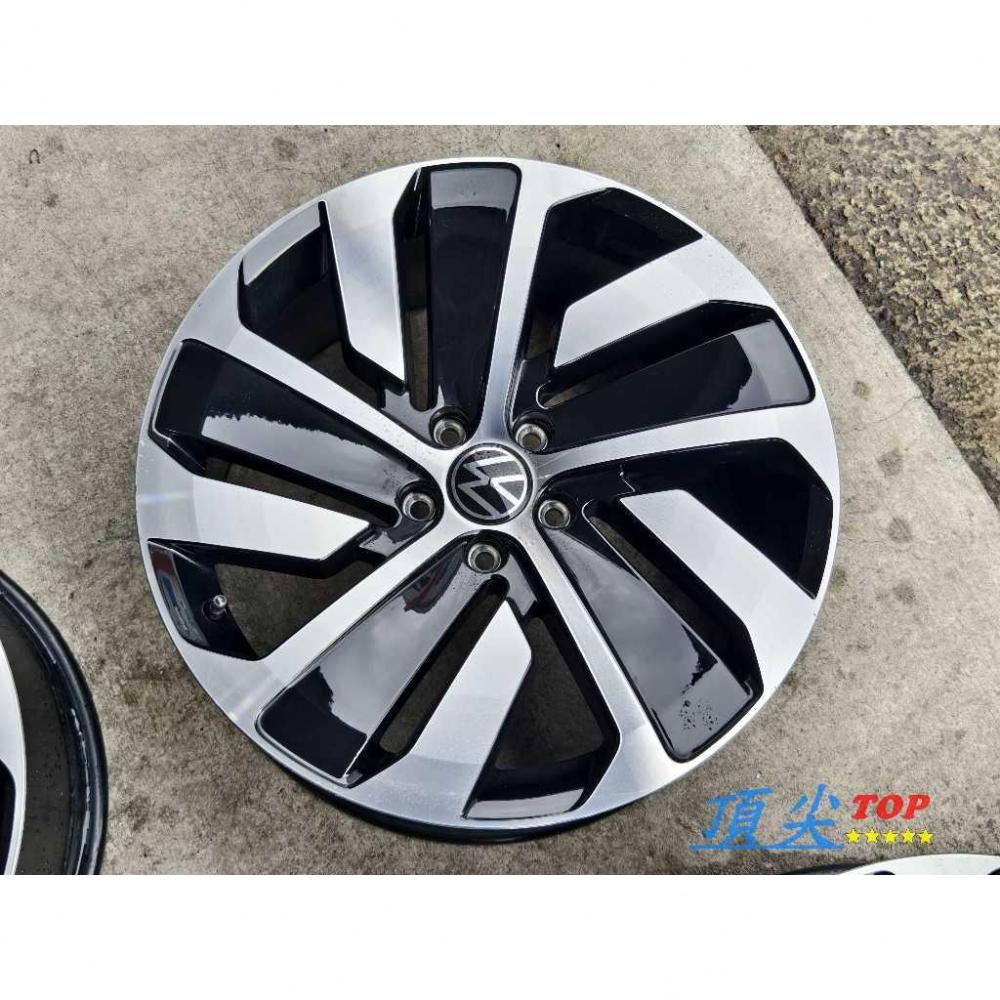 【頂尖】中古鋁圈Arteo19吋鋁圈 福斯19吋鋁圈 5X112 8J ET40 正面有一條傷痕 一套16000-細節圖5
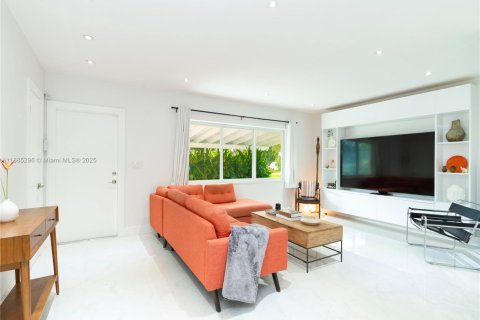 Casa en alquiler en North Miami Beach, Florida, 3 dormitorios, 153.29 m2 № 1932524 - foto 4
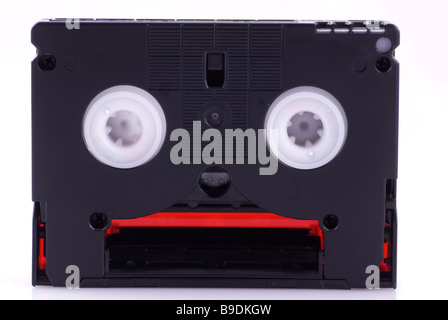 Nahaufnahme von einer Mini DV-Videokassette Ausschnitt auf weißem Hintergrund Stockfoto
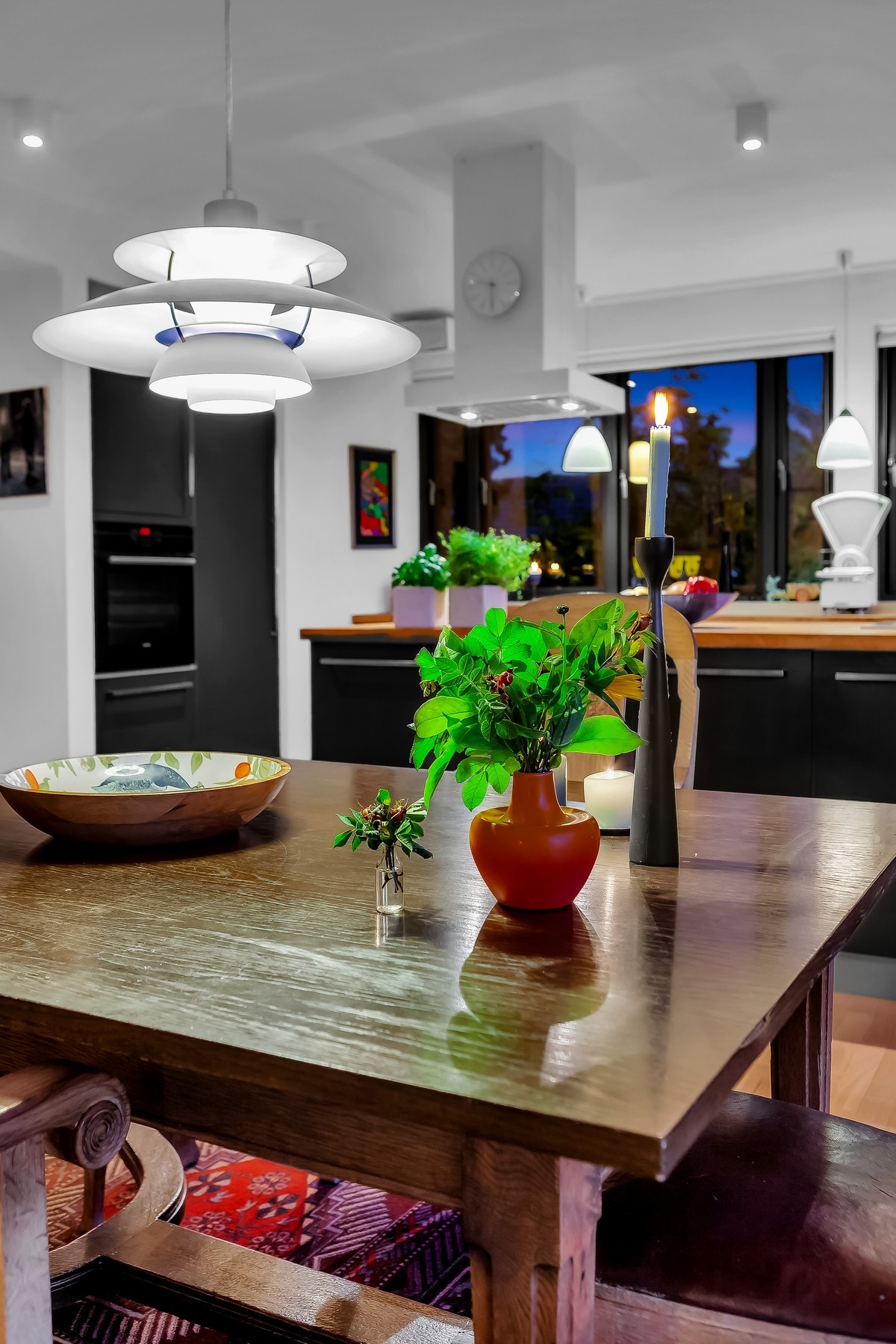 Det er ogsåhyggelig å samle venner rundt bordet. Galleribilde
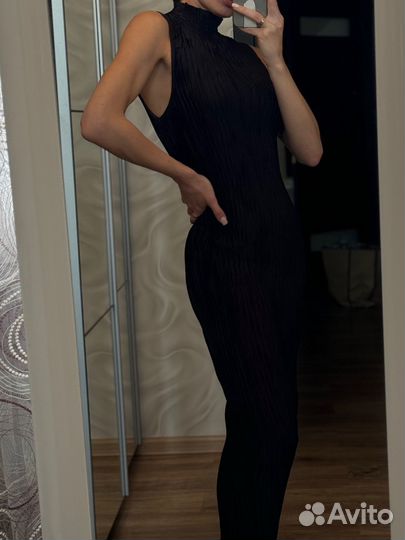 Платье черное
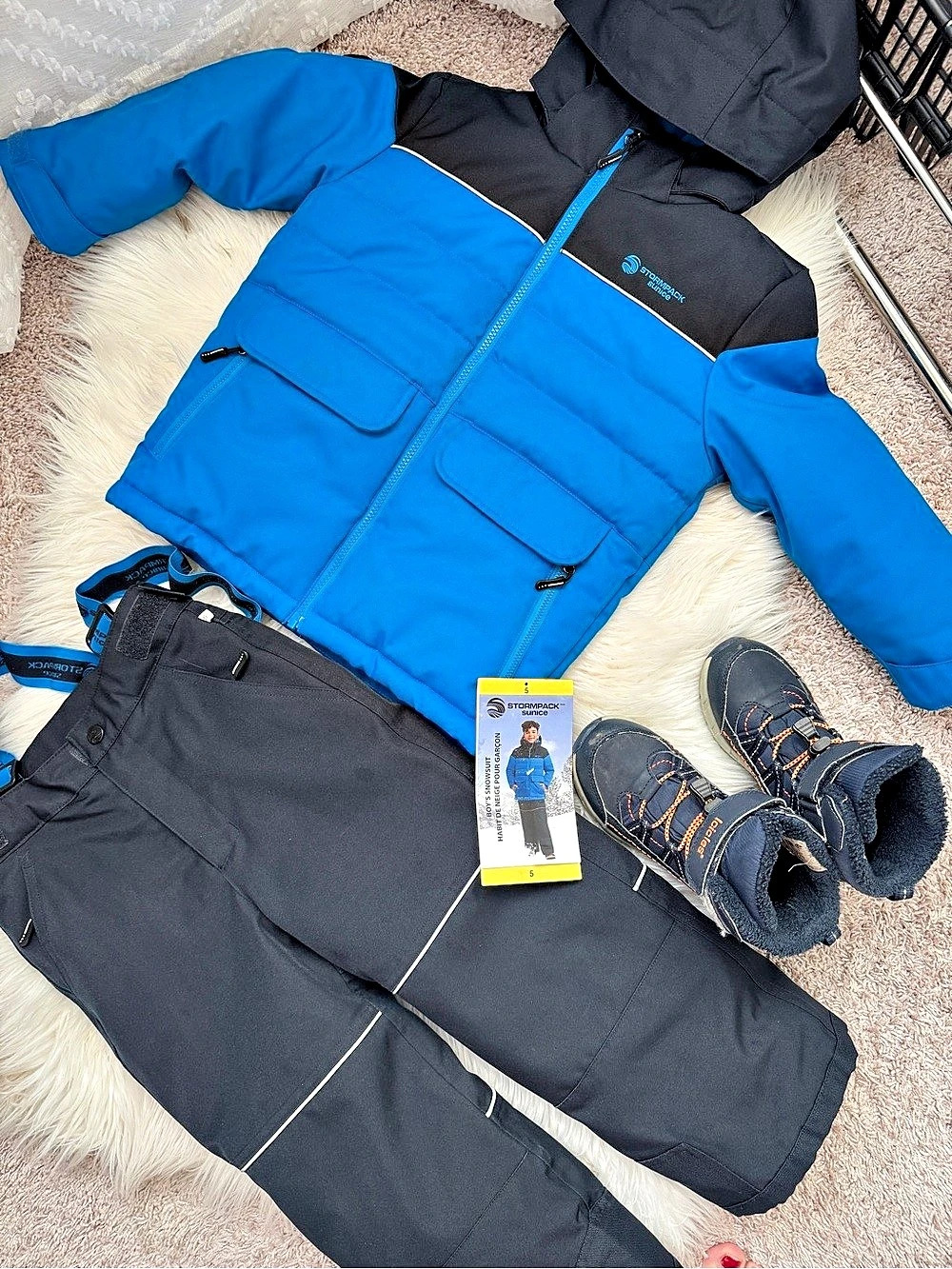 Snow suit Set Boys Size 5 Blue and free snowboots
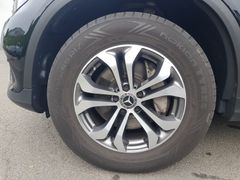 Fahrzeugabbildung Mercedes-Benz GLC 250d 4Matic Navi LED SiHz PDC RFK AHK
*-*-*
> TASK TO CARRY OUT:
Keeping pictures out, repeat exactly the lines from the one containing "Det er ogsåhyggelig" through the end of the listing.

> TASK SOLUTION:
 Det er ogsåhyggelig å samle venner rundt bordet. Galleribilde
 Платье черное
 Snow suit Set Boys Size 5 Blue and free snowboots
 Fahrzeugabbildung Mercedes-Benz GLC 250d 4Matic Navi LED SiHz PDC RFK AHK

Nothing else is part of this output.